火星20型の開発は胴体の小型化と弾頭部の多弾頭化を意味すると考えられる。特に超光熱素材の炭素複合材料(C/C Composite)に言及したのは、これを適用した固体燃料基盤の次世代ICBMエンジンを開発中と読み取ることができる。
北朝鮮はすでに米本土全域を射程圏とする1万5000キロ級ICBMの開発を完成したと主張してきた。ところが新たに新型ICBMを出してきたのは、非核化を前提とした対話には関心がないという従来の立場を再確認し、米国の態度の変化を誘導する狙いがあるとみられる。
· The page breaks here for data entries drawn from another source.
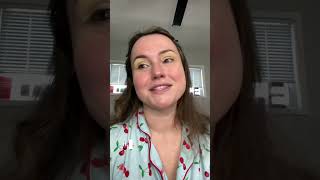 Celebrity MAC Soft Ochre @maccosmetics #makeupproducts #beauty Profile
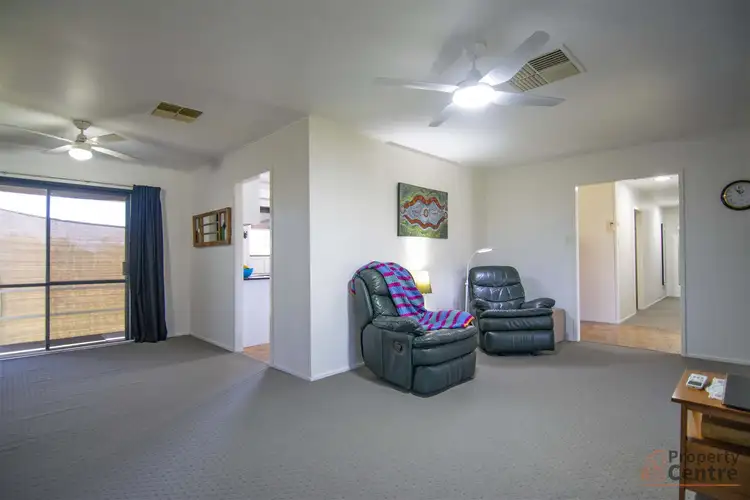 Fifth view of Homely house listing, 172 Pratten Street, Dalby QLD 4405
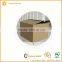 2016 Hot Sale Strong Carton Box Packing Shipping Box for Office /house Moving Box Supplier's Choice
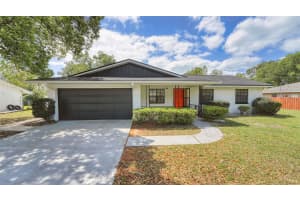 71 COMMUNITY DRIVE, DEBARY, FL 32713 Sold 08/06/25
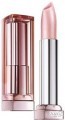 MAYBELLINE Помада Color Sensational Pearls тон 832 Розовая жемчужина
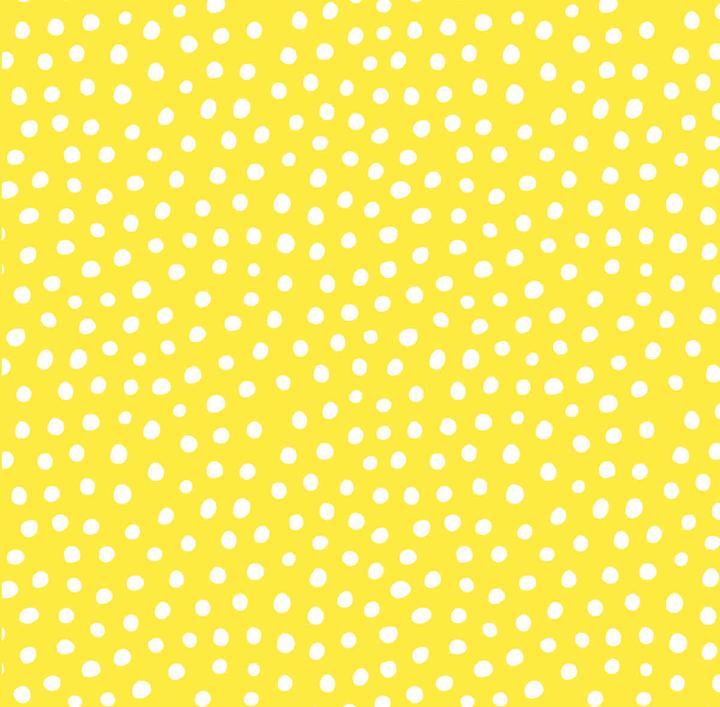 Immagine prodotto Origami Kids Rainbow Fun (Tedesco, Scongelare Precht, 2022)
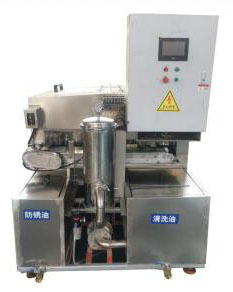 ��ˮ����ϴ�C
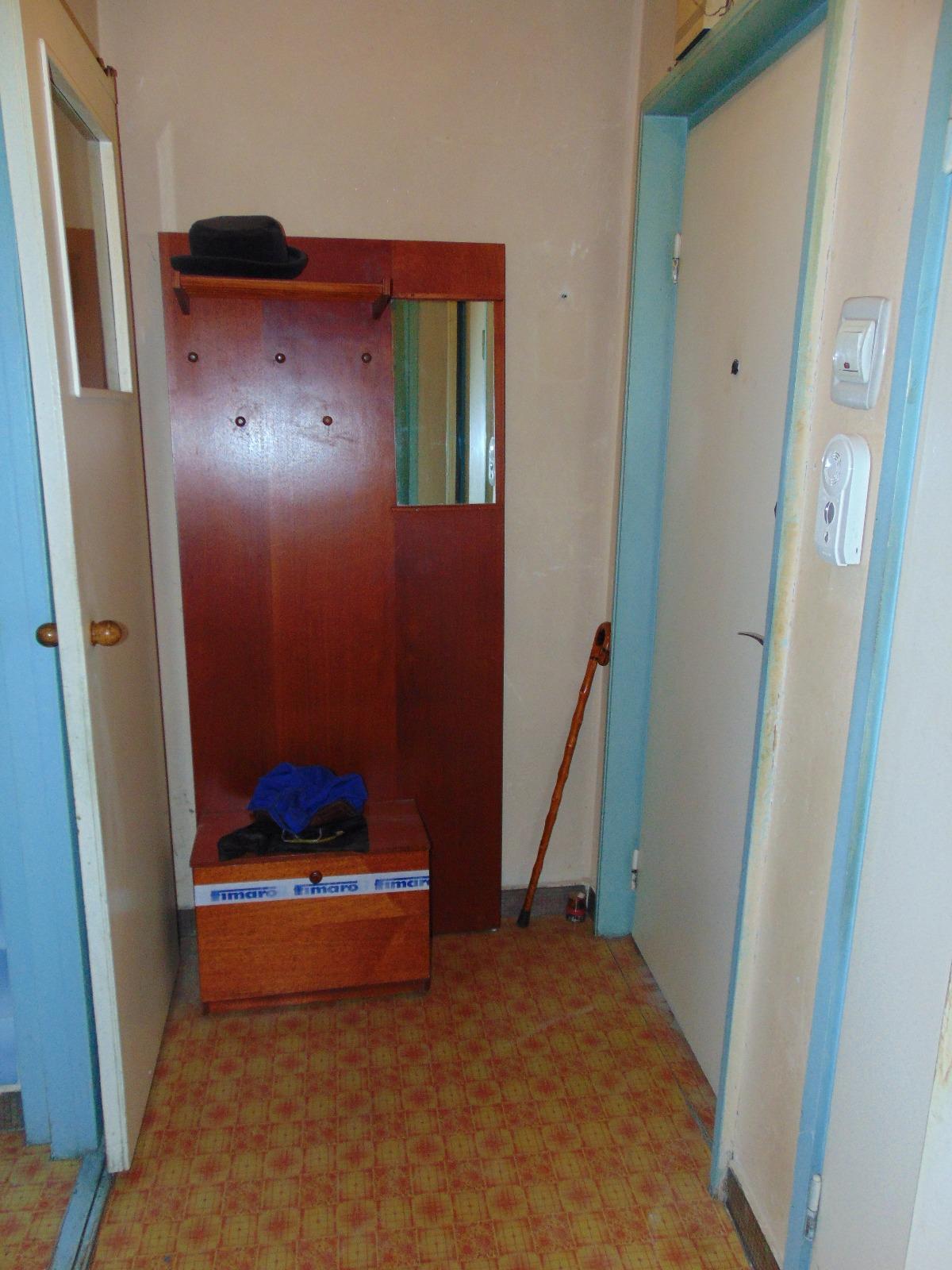 Apartament de vânzare 2 camere Gheorgheni - 29119AV | BLITZ Cluj-Napoca | Poza3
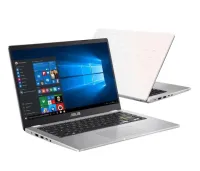 LAPTOP ASUS E410MA  CELERON N4020/4G/128G EMMC/14'' /WIN10 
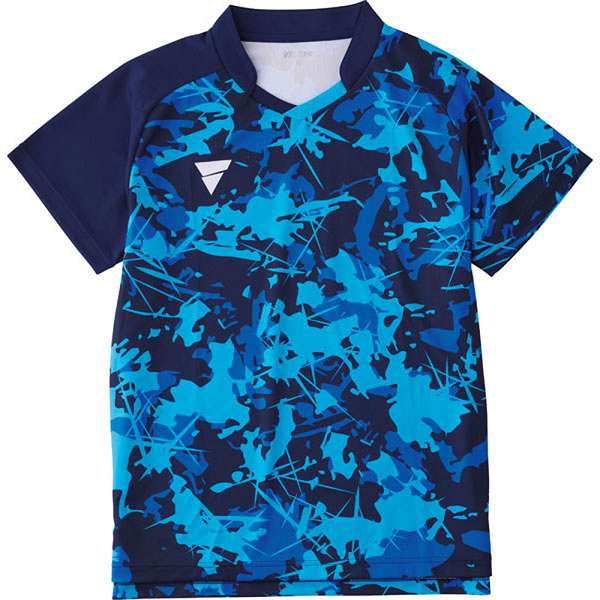 ◆◆メール便発送 ＜ヴィクタス＞ VICTAS V-GS318 512311 (6000)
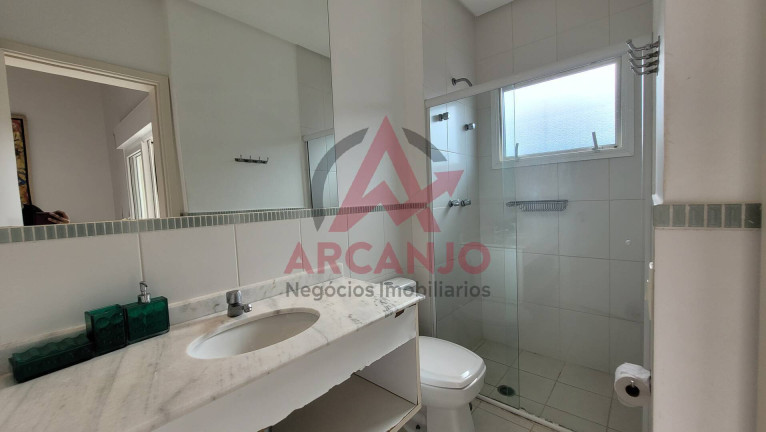 Imagem Apartamento com 4 Quartos à Venda, 141 m² em Praia Grande - Ubatuba Imagem Apartamento com 4 Quartos à Venda, 141 m² em Praia Grande - Ubatuba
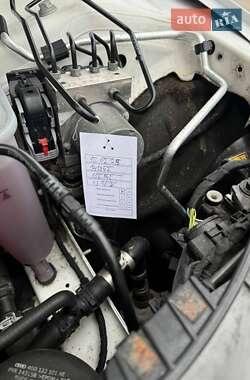 Универсал Audi A4 2015 в Одессе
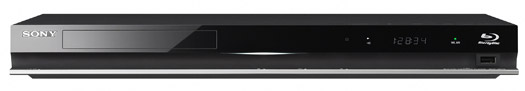 SonyBDPS570_1.jpg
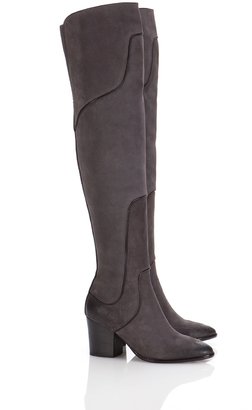 Rebecca Minkoff Blessing Boot
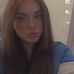 Nancy Baugh - Facebook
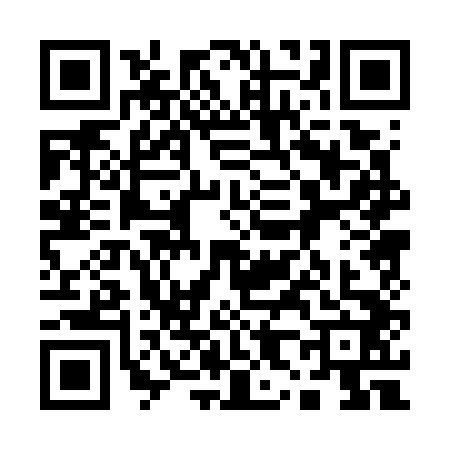 QR code for 1807423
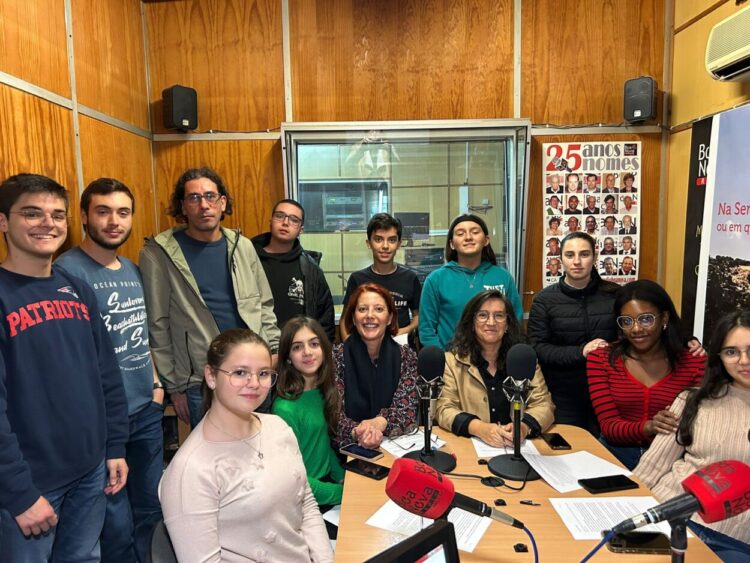 A vitória de Donald Trump. Quais as consequências para a democracia e para o futuro da humanidade?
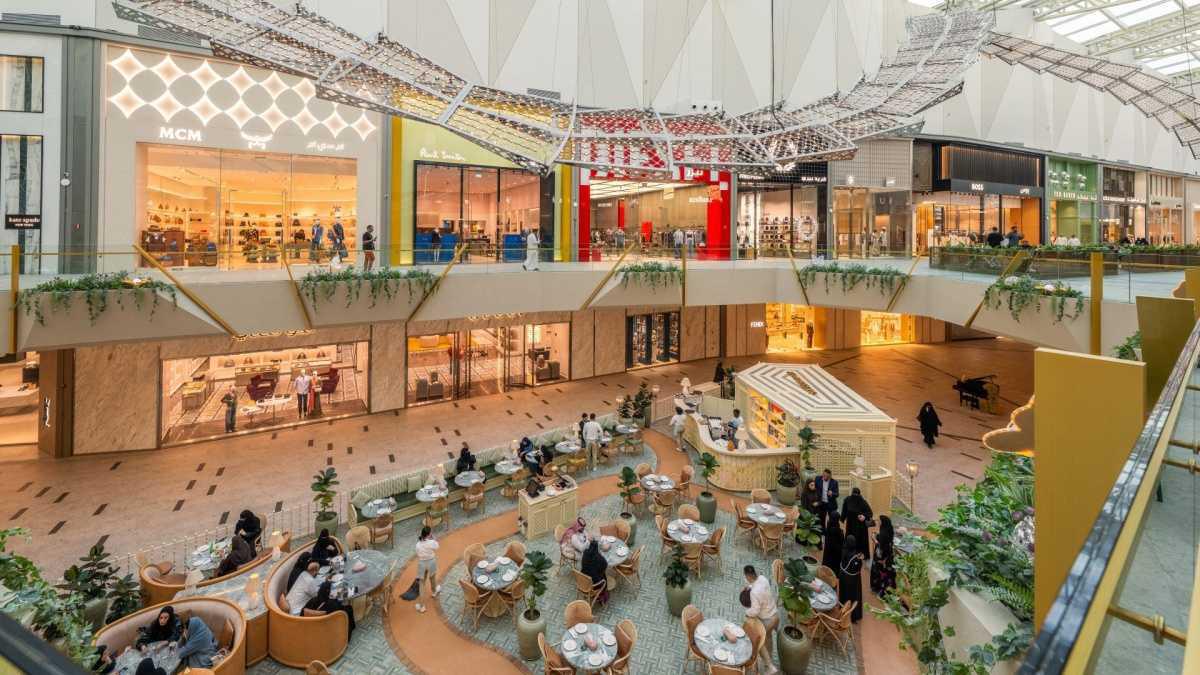 Solitaire - سوليتر مول Solitaire - سوليتر مول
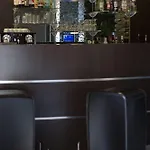 ホテル Le Domaine Des Lys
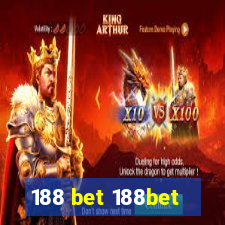 188 bet 188bet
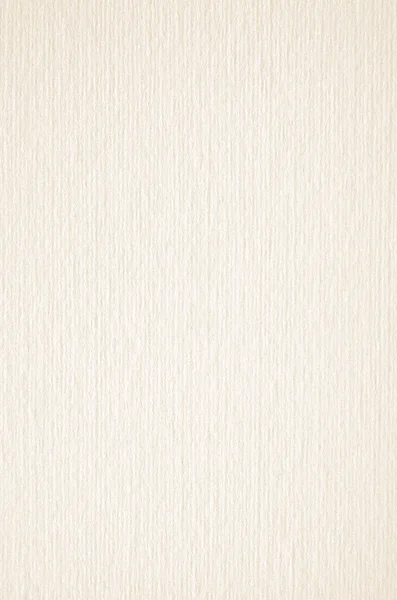 Sepia, decorative paper texture — Stock Photo, Image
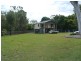 15 Alexander Street, Macleay Island QLD 4184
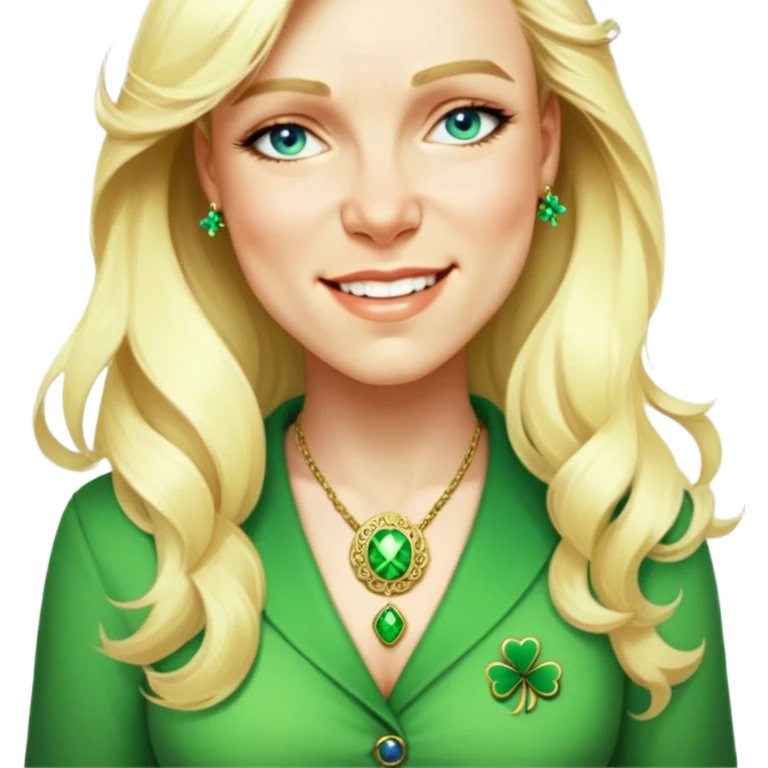 Verdant Vision emoji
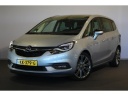 opel-zafira-tourer-20-cdti-170pk-bus-executive-led-navi-leer-telefoon-panorama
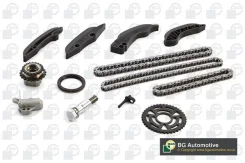 �������� ���� ��� BGA TC0900FK TC0900FK ����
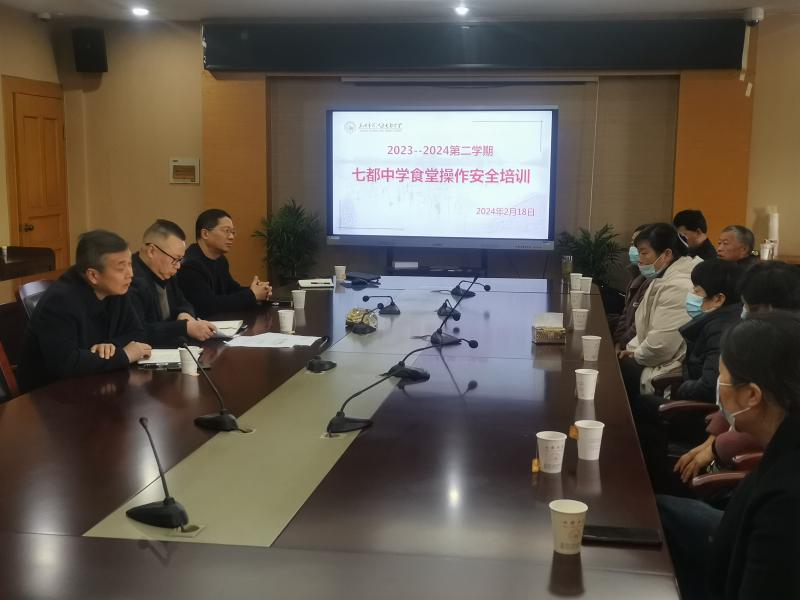 2441948e501b323888e8135ebf8fd2f.jpg 2441948e501b323888e8135ebf8fd2f.jpg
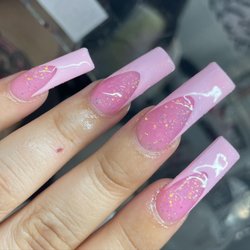 Star Nail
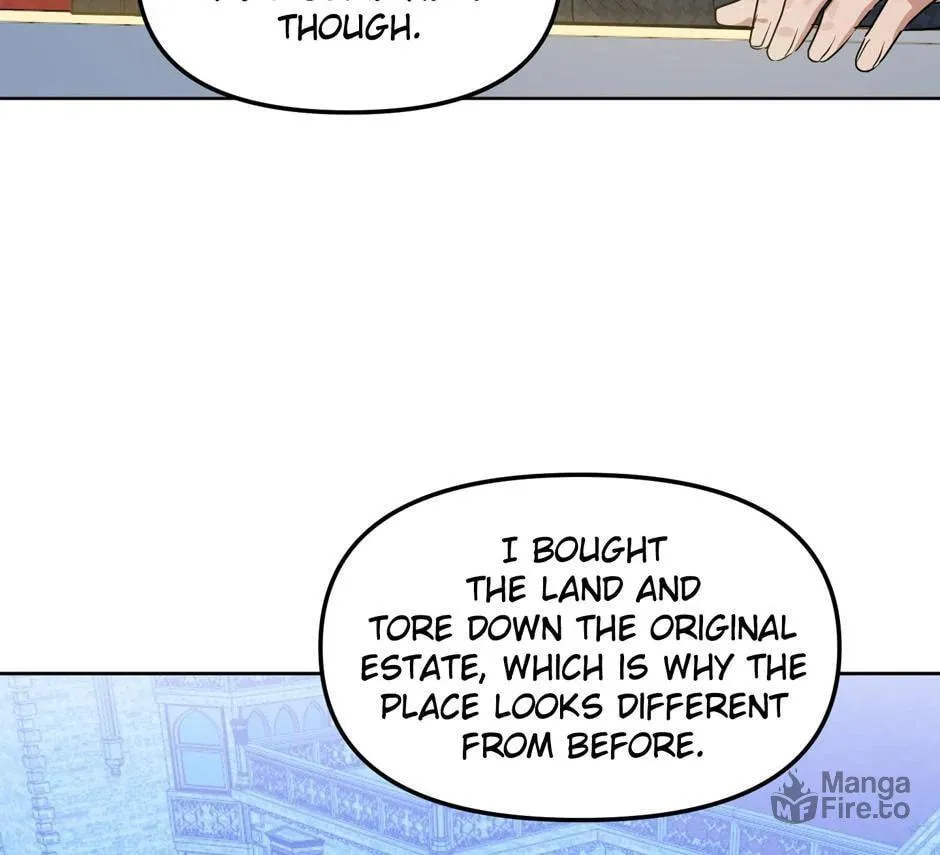 Kiss Me, Liar Chapter 74 page 90 - 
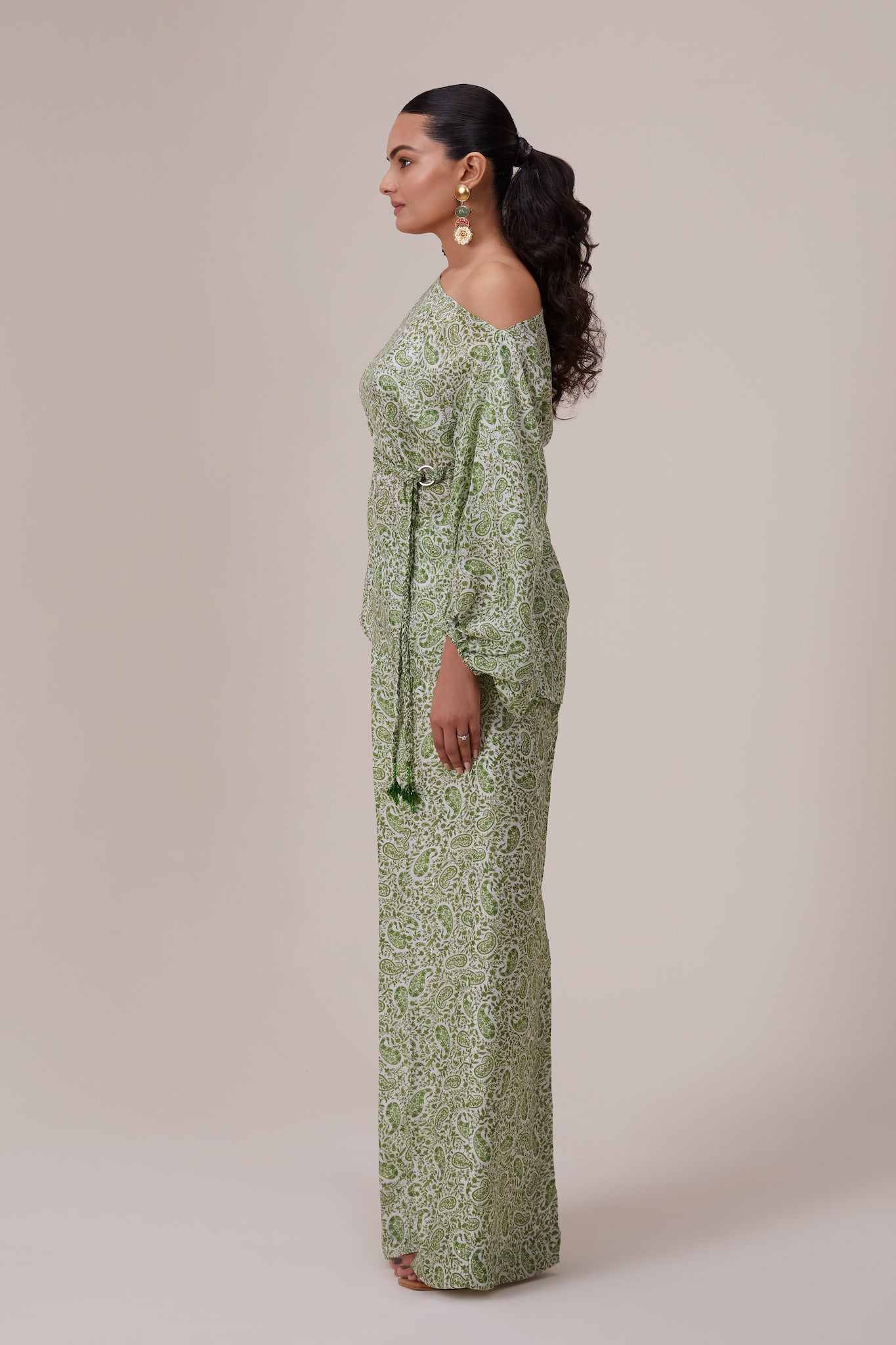 Reethi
統一研究院のホン・ミン選任研究委員は「米国に向けて核兵器高度化の意志と後戻りできない核保有国の地位を誇示した」と話した。
同時にこれは「中国も北朝鮮に非核化を要求するな」という意味とも考えられる。韓国の国家情報院は金正恩委員長が「プーチン大統領と同級の儀典と警護を受ける」(2日の国会情報委員会報告)と予想したが、金正恩委員長はこれを今後の核関連交渉で中国も北朝鮮と同じ側というイメージの形成に活用するとみられる。国家情報院は「金正恩委員長は朝中関係の復元で対外的な選択幅を拡大し、朝米対話などを念頭に置いて中国の支持を確保しようとするはず」とも分析した。
これに関連し金正恩委員長は先月31日には咸鏡南道咸興(ハムフン)付近と推定される新しい戦術核ミサイル工場を視察した。2日連続で戦術核ミサイルと戦略核武器ICBMのカードを引き続き取り出したのだ。今回の軍事パレードには北朝鮮を含む25カ国の首脳が出席するが、その直前に核関連の動きを公開したのは「事実上の核保有国」として認められようという意図とみられる。
北朝鮮が昨年10月に「火星19型」を「最終完結版ICBM」と主張しながら、また「火星20型」開発に取り組むのは、まだ不十分な点が残っていることを自ら認めるのと変わらない。
実際、北朝鮮は大気圏再進入技術などをまだ確保できていないため、金正恩委員長がロシアのプーチン大統領と対面する直前に火星20型カードを出して先端技術と部品・素材支援を督促しているという解釈が可能だ。
国家情報院は「金正恩委員長は今後、果敢な対内外的措置をとる可能性がある。前向きな新しい国家発展路線を提示したり、ロシアから反対給付を得るためにロシア訪問カードを考慮すると予想される」と展望した。ただ、「短期間内に南北関係改善に呼応する可能性は低いとみる」とし、戦勝節行事に出席する禹元植(ウ・ウォンシク)国会議長と意味のある会談が行われる可能性は高くないという見方を示した。